Montreal-based Cirque Éloize presents a kinetic rigor of aerial feats, acrobatic dancing, and a jazz-infused soundtrack. | Credit: Stéphane Bourgeois

The mats have been folded, the juggling balls stored, and the artists of Flip Fabrique and Cirque Eloize are now pancaking their faces in another town. The circus may have come and gone, but what it left in its wake was an unshakeable demonstration of human resolve and a rare opportunity for Santa Barbara audiences to experience the breadth of Quebecois circus. 
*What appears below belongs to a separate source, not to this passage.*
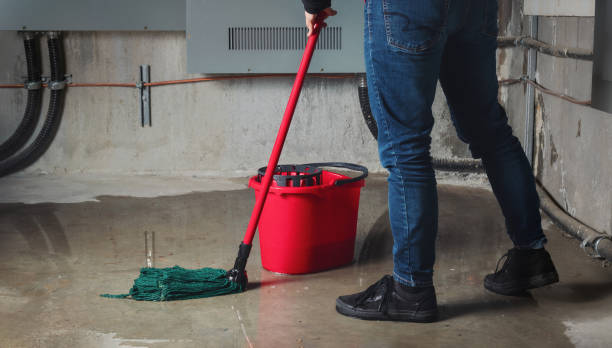 Best Carpet water damage restoration  in Chickasha, OK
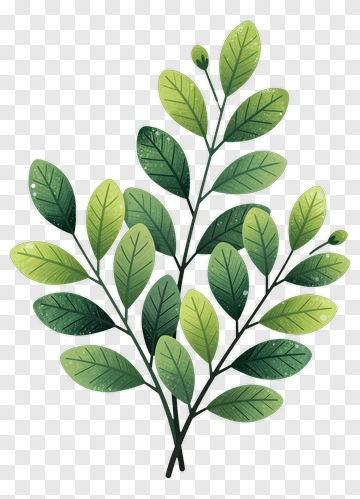 Green Leafy Branch PNG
In Blizzard, Flip Fabrique invoked the ancient art of commedia dell’arte to choreograph a madly entertaining “Canadian Winter Survival Guide” with expertly timed delivery that folded seamlessly into head-shaking acrobatic arrangements. In Hotel, Cirque Eloize wove slapstick humor around a dazzling, Wes Anderson-esque set where the artists displayed a hyper-range of talents as interchangeable acrobats, aerialists, dancers, and jugglers. Oh, and musicians, too.

Influenced by tradition, contemporary circus still yearns to dazzle, seemingly flirting with gravity and injury to hold an audience’s gaze. And yet between fantastical displays of ferocity, the interludes of quiet humanity endure. In Hotel, that moment arrived in the form of a haunting composition of stacked bodies, as limbs and arms connected skyward while sound clips from the movie Casablanca echoed in the background. For one arresting instant, towering sculptures formed a human forest, hovering over the audience in an affecting show of protection.

In Blizzard, the seemingly mundane act of rigging became a ritualistic dance of transformation, at one point posing a technical challenge that resulted in a beautifully modified finale. That safety won out over spectacle, was the most poignant movement of all.